## BRIEF
Write down exactly what lies from the line containing "Lake Travis webcam, February" to the end of the records, inclusive, and omit the pictures.
─── GIVEN DATA
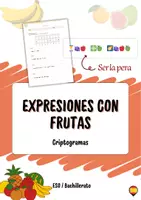 Aperçu - Feuilles d'exercices - Langue espagnol - Cryptogrammes amusants avec des expressions de fruits - Page de couverture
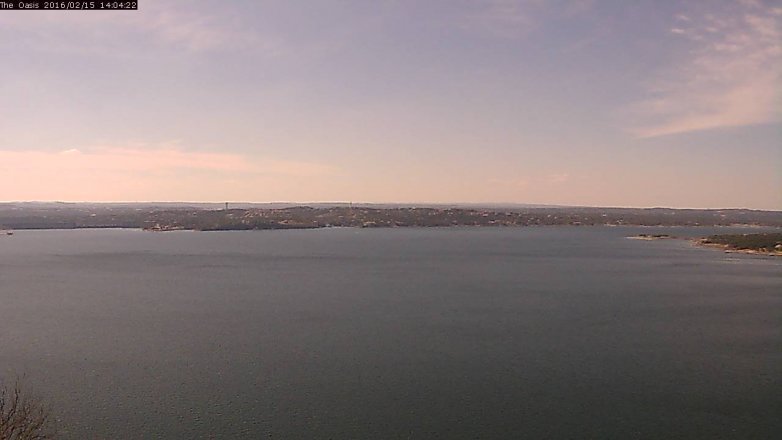 Lake Travis webcam, February 15, 2016 1:10 PM CT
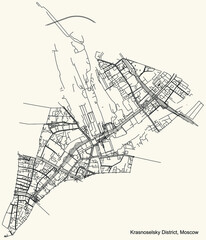 Black simple detailed street roads map on vintage beige background of the neighbourhood Krasnoselsky District of the Central Administrative Okrug of Moscow, Russia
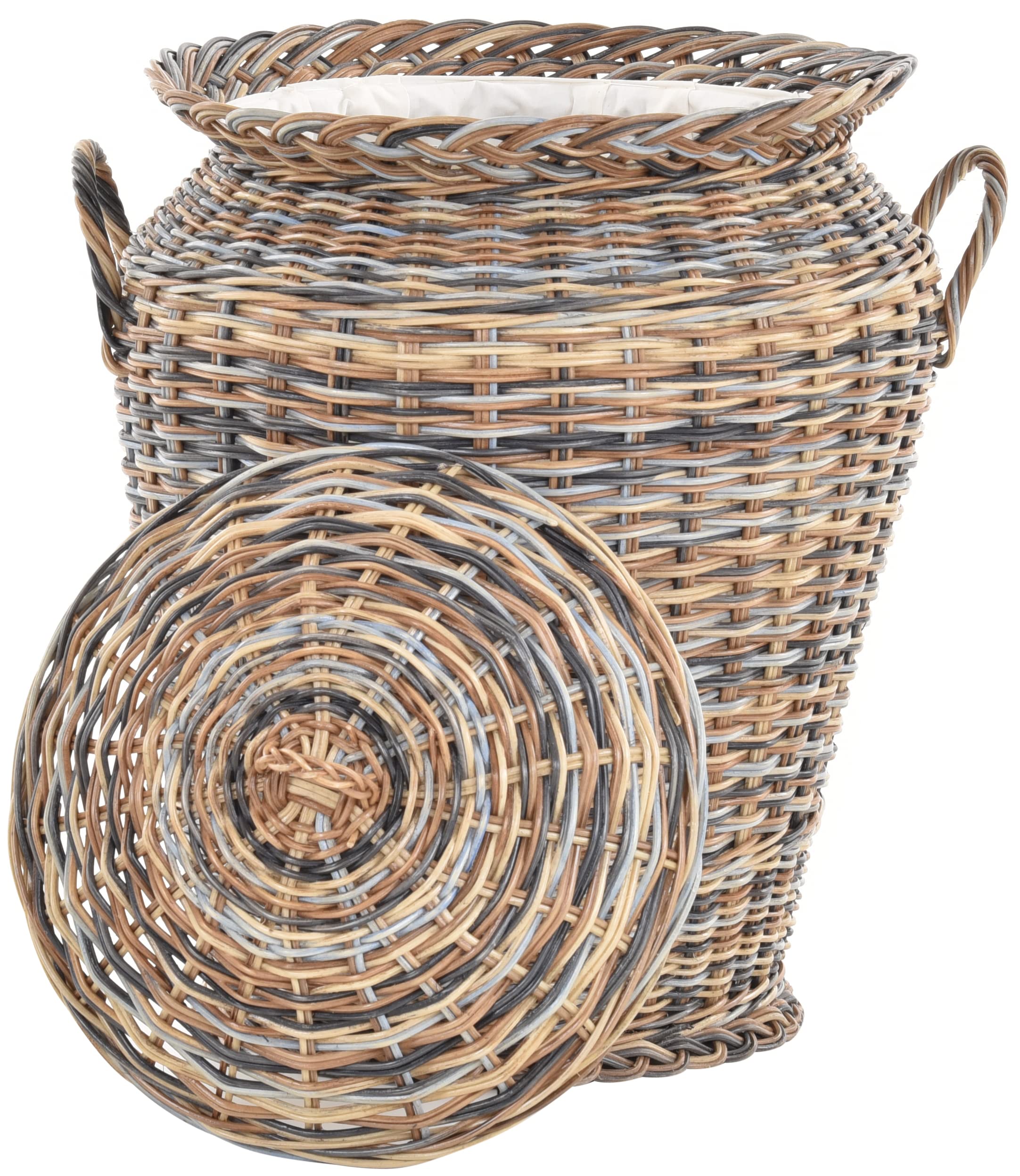 Wäschekorb/Wäschetonne rund aus echtem Rattan, Wäschesammler mit Deckel und Inlett (Mehrfarbig)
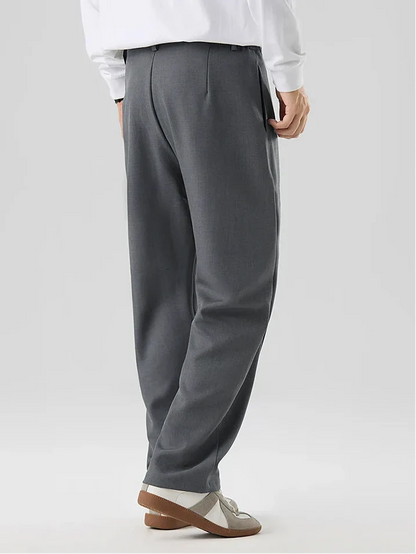 Men's Pleated Pants Straight Leg Elastic Waistband Loose Fit 2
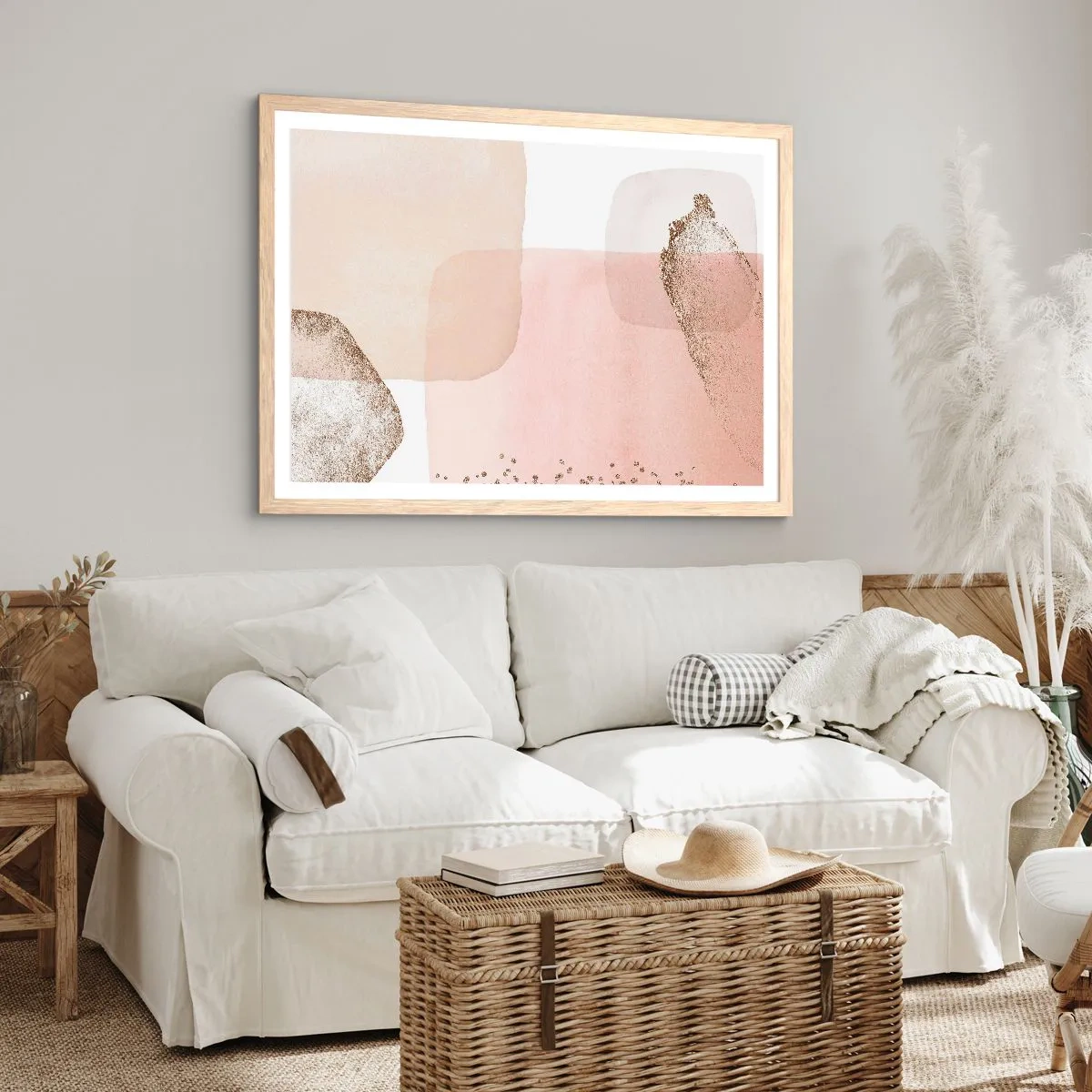 Affiche dans un chêne clair - Poster - Regard à travers la couleur - 70x50 cm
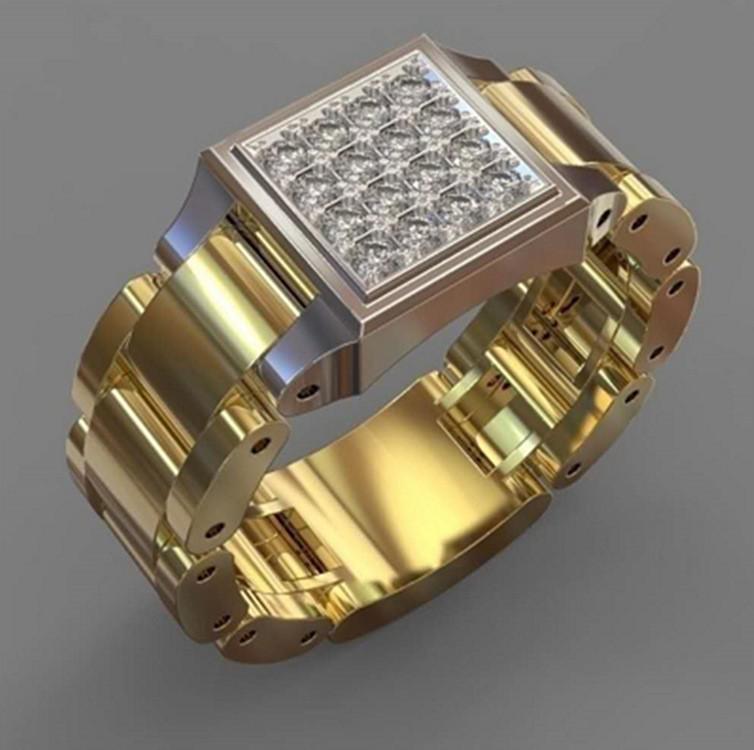 Chenrui Inlaid Rhinestone Cross Gold Ring - European & American Style Jewelry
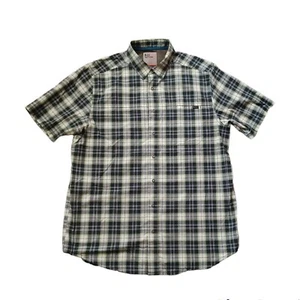 5.11 Tactical Shirt Mens Medium Green Gray Plaid Snap Up Logo Short Sleeve - Picture 1 of 16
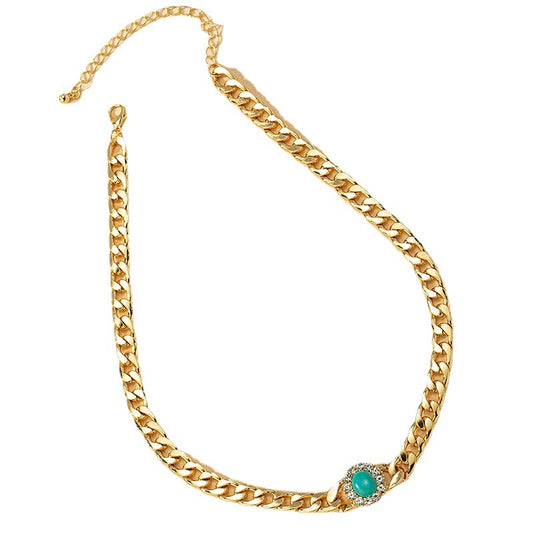 Turquoise Exaggerated Personality Necklace with Thick Chain Design
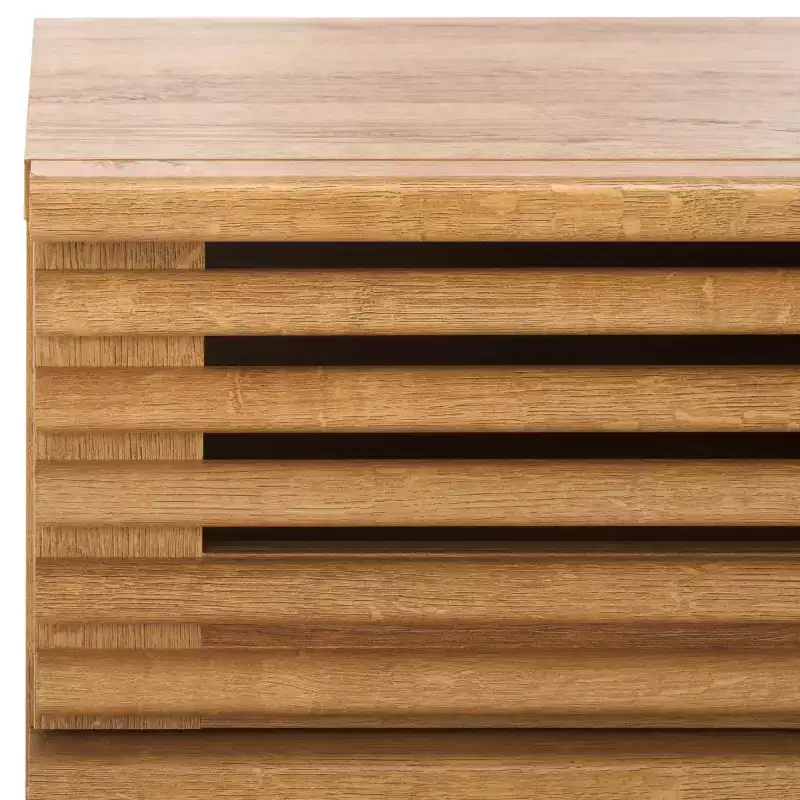 2-Drawer Nightstand with Reeded Wood Detail & Tapered Legs, Walnut Finish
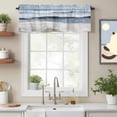 thumbnail image 2 of Abstract Beach Wave Art Valance Curtain Seaside Blue Oil Painting Style Window Valances Rod Pocket Short Curtains Window Treatments for Kitchen Bedroom Bathroom Laundry 54" x 18", 2 of 9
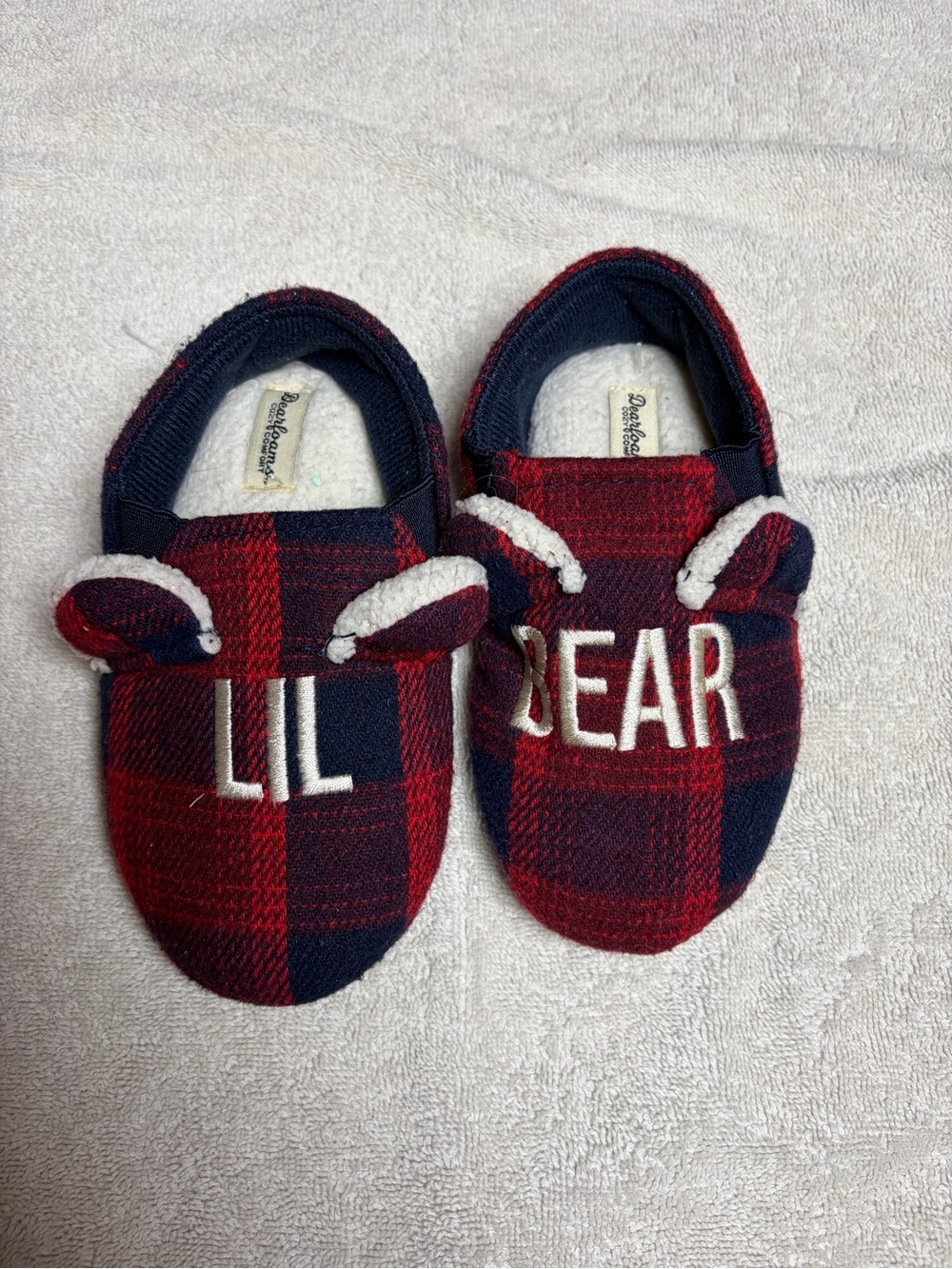 Kids 'Lil Bear' Red and Navy Plaid Slippers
──────
## EXERCISE RESULT
 Lake Travis webcam, February 15, 2016 1:10 PM CT
 Black simple detailed street roads map on vintage beige background of the neighbourhood Krasnoselsky District of the Central Administrative Okrug of Moscow, Russia
 Wäschekorb/Wäschetonne rund aus echtem Rattan, Wäschesammler mit Deckel und Inlett (Mehrfarbig)
 Men's Pleated Pants Straight Leg Elastic Waistband Loose Fit 2
 Affiche dans un chêne clair - Poster - Regard à travers la couleur - 70x50 cm
 Chenrui Inlaid Rhinestone Cross Gold Ring - European & American Style Jewelry
 5.11 Tactical Shirt Mens Medium Green Gray Plaid Snap Up Logo Short Sleeve - Picture 1 of 16
 Turquoise Exaggerated Personality Necklace with Thick Chain Design
 2-Drawer Nightstand with Reeded Wood Detail & Tapered Legs, Walnut Finish
 thumbnail image 2 of Abstract Beach Wave Art Valance Curtain Seaside Blue Oil Painting Style Window Valances Rod Pocket Short Curtains Window Treatments for Kitchen Bedroom Bathroom Laundry 54" x 18", 2 of 9
 Kids 'Lil Bear' Red and Navy Plaid Slippers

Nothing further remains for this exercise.